Pictures with short captions
┌──

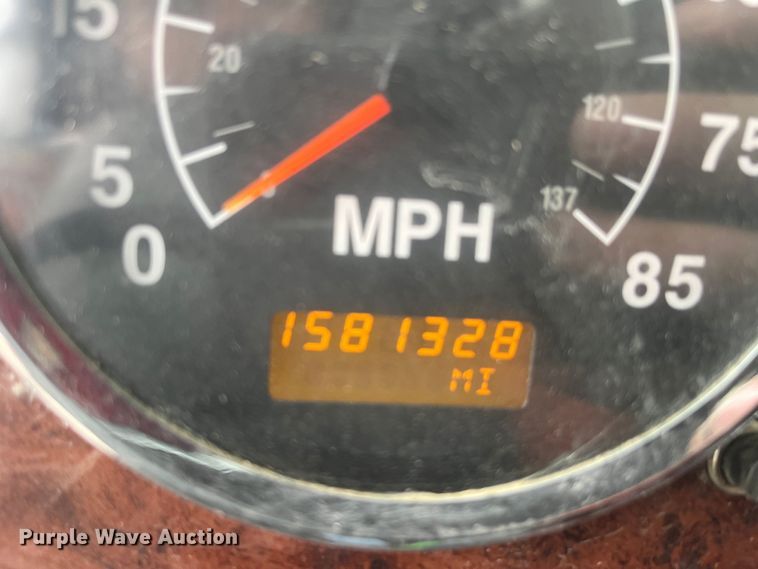 image for item DR7402 2006 International 9400i  semi truck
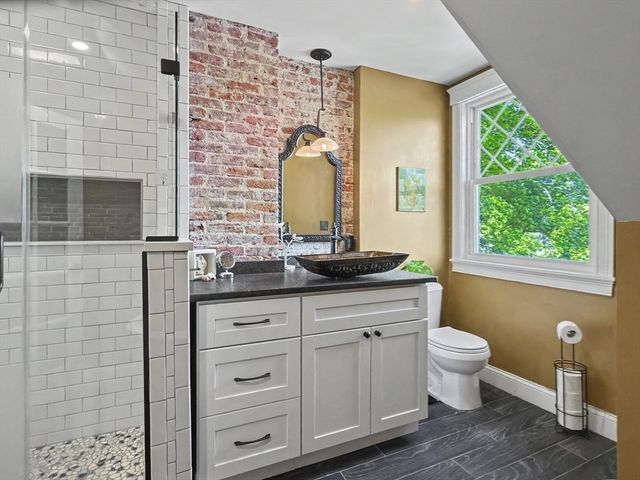 4 Westland St, Worcester, MA 01602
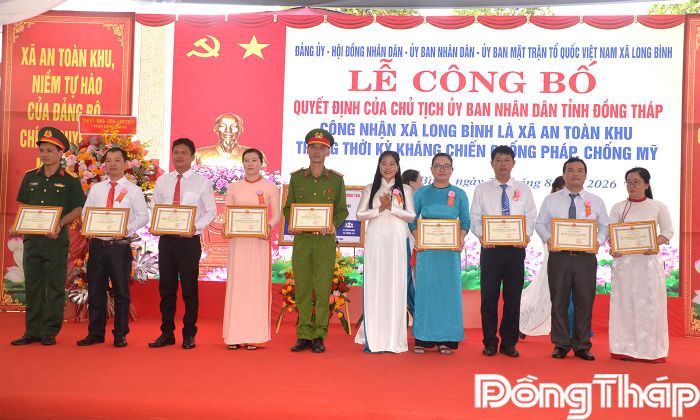  Đồng chí  Đỗ Thị Kiều Oanh, Phó Bí thư Thường trực Đảng ủy xã Long Bình trao Giấy khen cho các tập thể có thành tích trong xây dựng Hồ sơ khoa học xã An toàn khu.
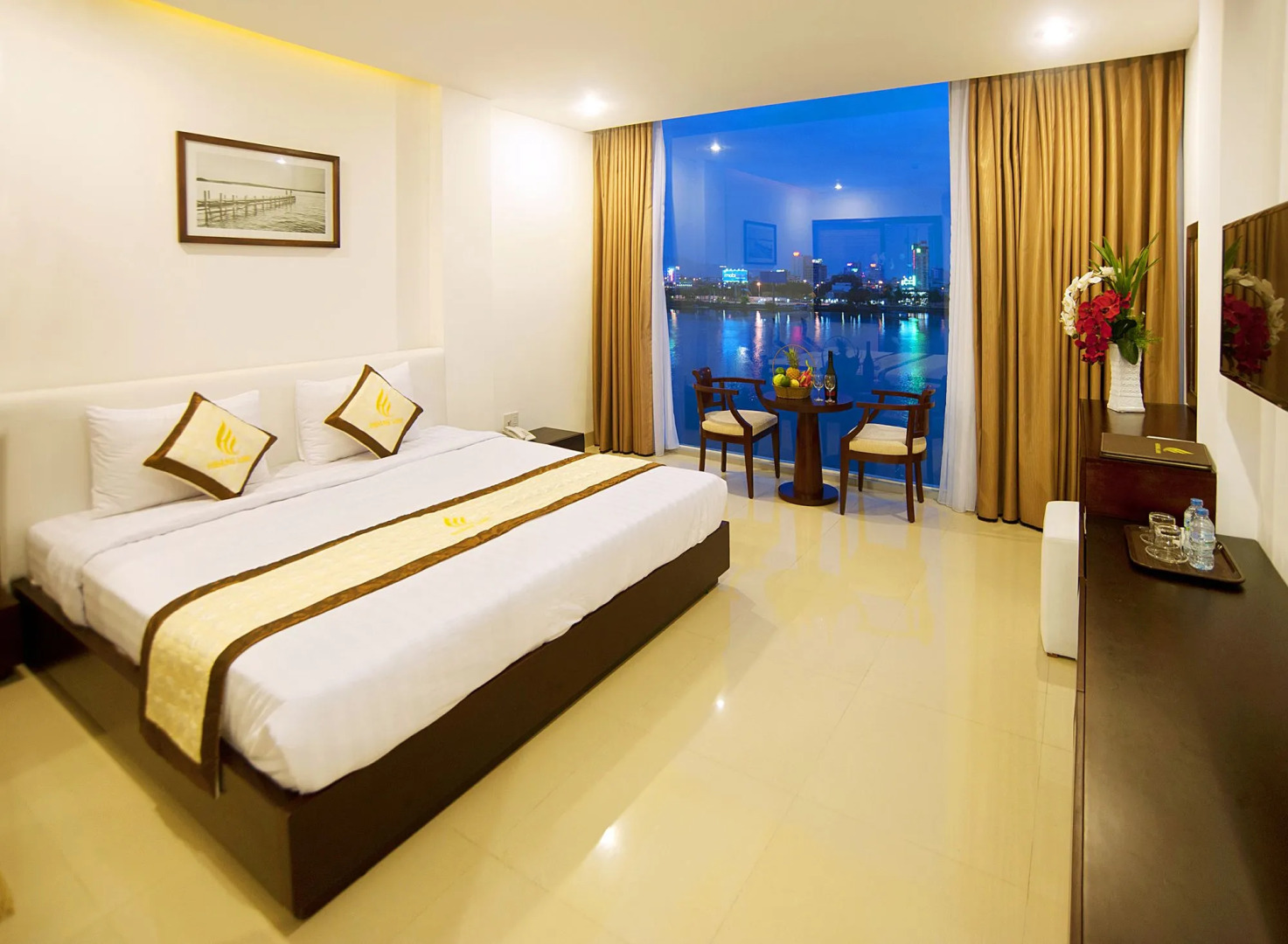 Hoang Linh Riverside Hotel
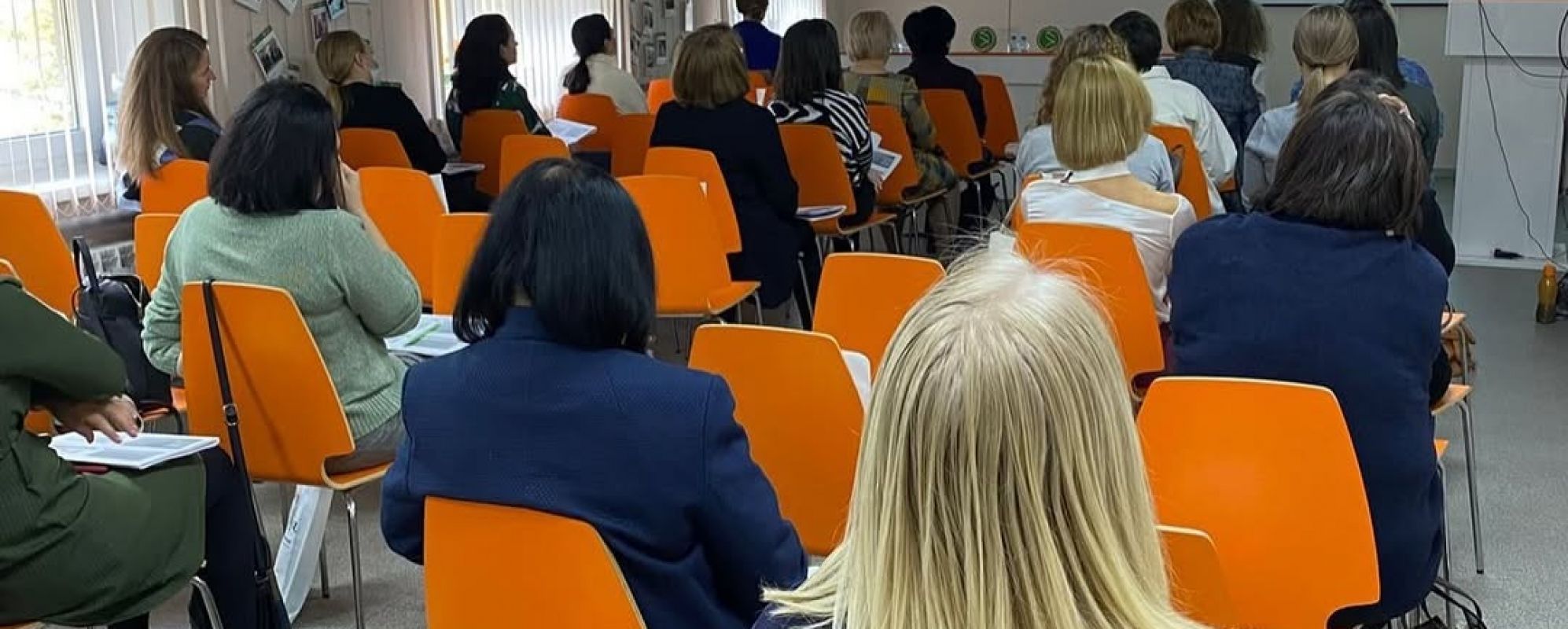 Фотографии конференц-зала Класс-рум 60 лет октября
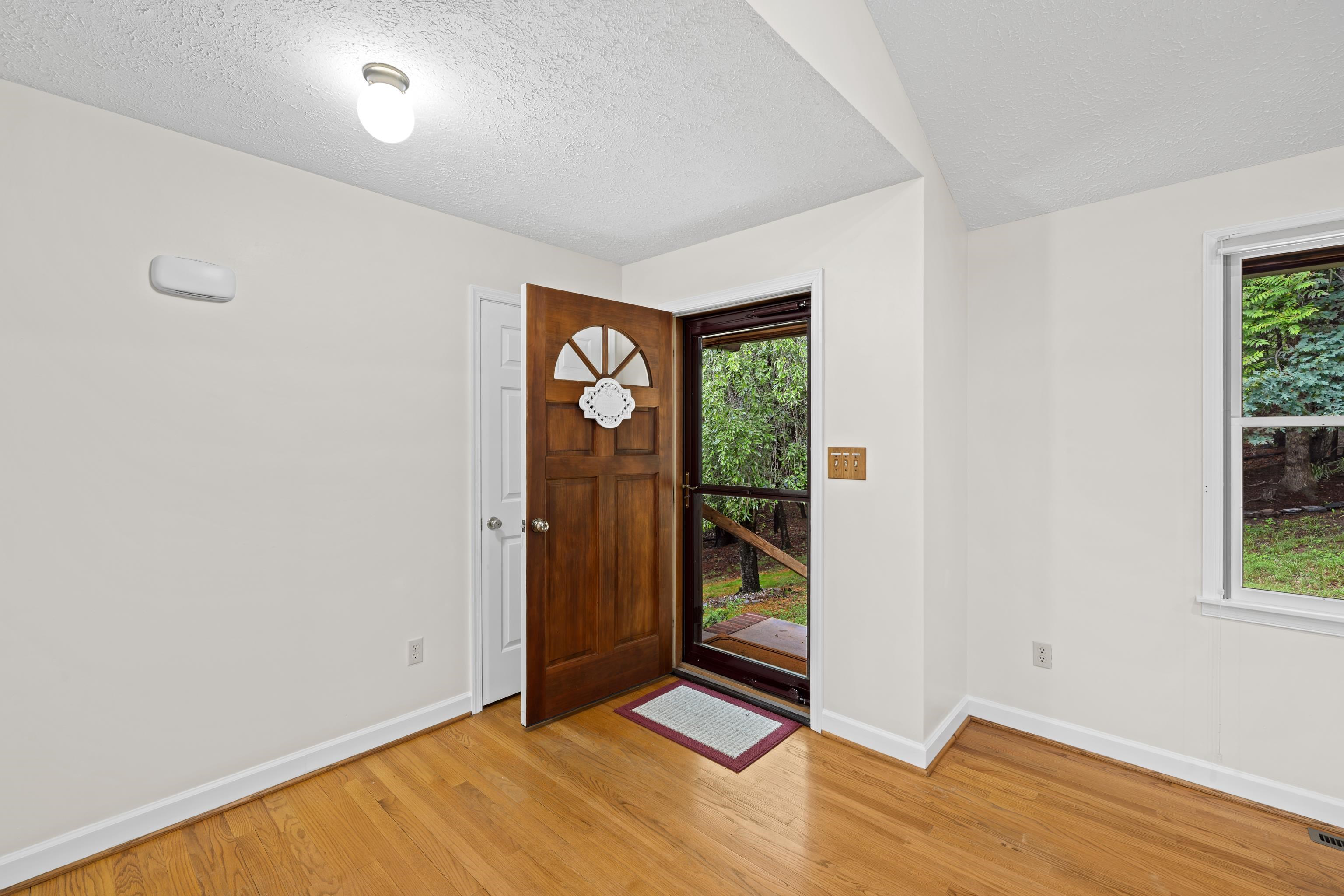 409 THOMAS ST, STAUNTON, Virginia 24401, 4 Bedrooms Bedrooms, ,3 BathroomsBathrooms,Residential,409 THOMAS ST,665143 MLS # 665143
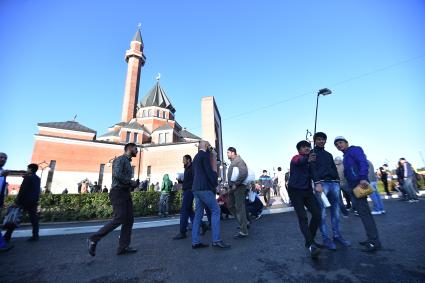 Москва. Мусульмане возле Мемориальной мечети на Поклонной горе в день праздника жертвоприношения Курбан-байрам.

└──

Exercise instructions
Each record above should be retyped exactly, with no pictures carried over.

Task answer
 image for item DR7402 2006 International 9400i  semi truck
 4 Westland St, Worcester, MA 01602
  Đồng chí  Đỗ Thị Kiều Oanh, Phó Bí thư Thường trực Đảng ủy xã Long Bình trao Giấy khen cho các tập thể có thành tích trong xây dựng Hồ sơ khoa học xã An toàn khu.
 Hoang Linh Riverside Hotel
 Фотографии конференц-зала Класс-рум 60 лет октября
 409 THOMAS ST, STAUNTON, Virginia 24401, 4 Bedrooms Bedrooms, ,3 BathroomsBathrooms,Residential,409 THOMAS ST,665143 MLS # 665143
 Москва. Мусульмане возле Мемориальной мечети на Поклонной горе в день праздника жертвоприношения Курбан-байрам.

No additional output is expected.